The Ordubadi family (also spelled Urdubadi), otherwise known as the Nasiri family, was an Iranian family, which was descended from the medieval philosopher and polymath Nasir al-Din al-Tusi. The family was from Ordubad, a town which lay on the banks of the Araxes river, and is first mentioned during the Mongol invasions and conquests. The family thereafter disappears from sources, and is first mentioned several decades later when the Safavid dynasty conquered Iran and its surroundings in the 15th century. The leader of the family Bahram Khan Ordubadi, began serving the Safavid king (shah) Ismail I (r. 1501–1524), who appointed him as the civil administrator (kalantar) of Ordubad.

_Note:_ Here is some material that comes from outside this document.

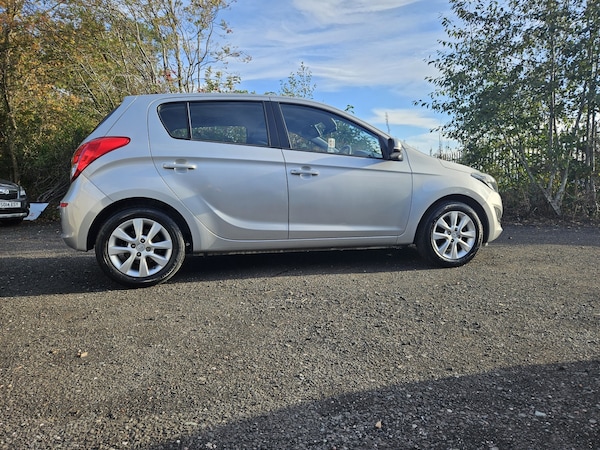 Used Hyundai i20 2014 for sale - 76299059: Photo 5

Bahram's son Hatem Beg Ordubadi, later succeeded his father as the lord of Ordubad, and received the title of "Beg" (lord). In 1591, Hatem Beg was appointed by Abbas I (r. 1588–1629) as his grand vizier, and later died 1610/1. He had a son named Mirza Taleb Khan Ordubadi, who would later serve as the grand vizier of shah Safi (r. 1629–1642) from 1632 until 1633, where he was assassinated by the eunuch Saru Taqi, due to a personal hatred he had towards the Ordubadi family, the reason being that Hatem Beg had denied to give Saru Taqi's father a post which he had asked for.

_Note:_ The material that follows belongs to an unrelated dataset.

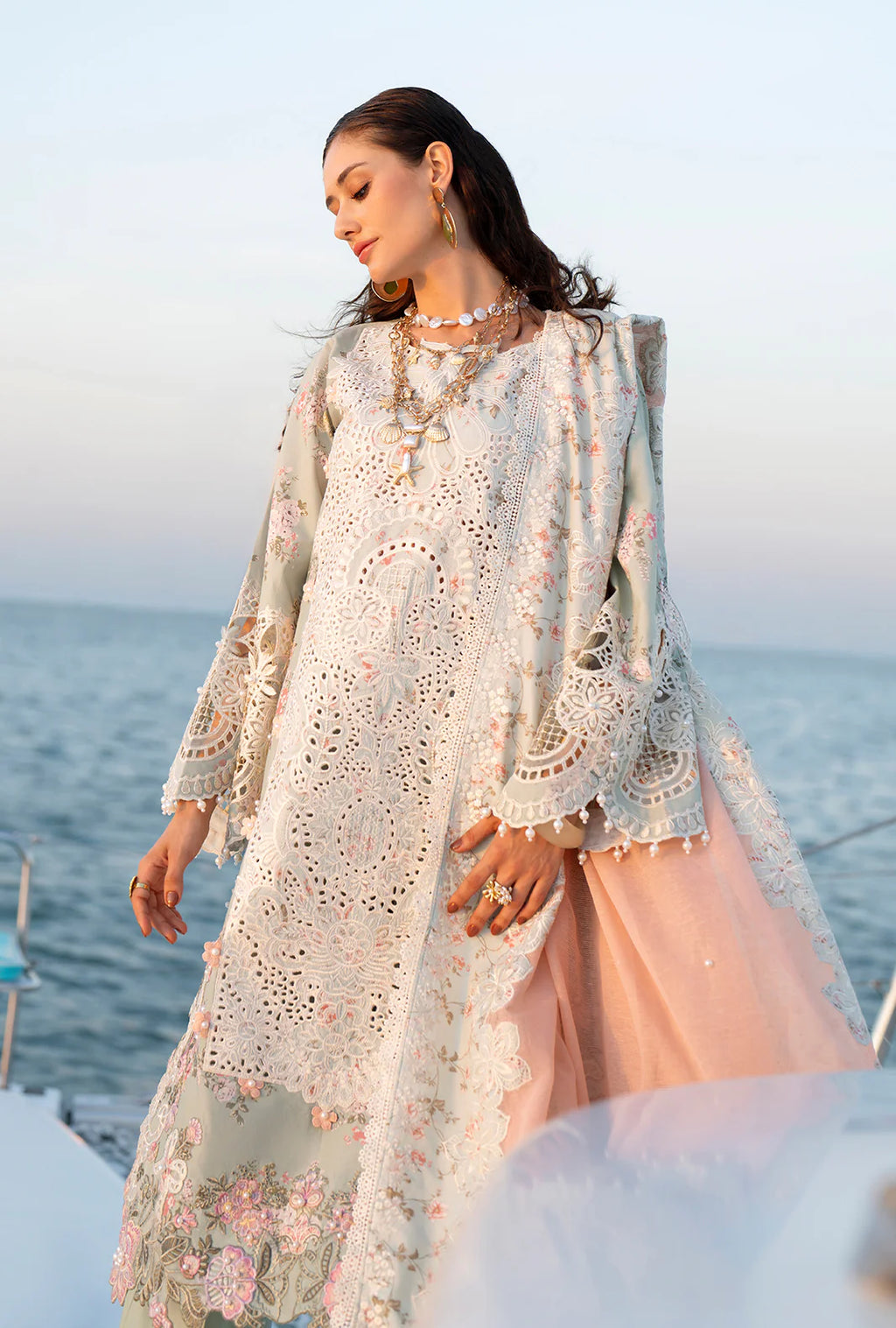 AJR EVARA LUXURY LAWN FYNA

Another member of the family, Mirza Abol-Hosayn Beg Ordubadi, served as the treasurer (khezanadar-bashi) during the early reign of Safi, while a later member, Mirza Naqi Nasiri, wrote an important manual about the empire's administration apart from serving as secretary of the royal council (majles-nevis or vaqāye'-nevis) for several years.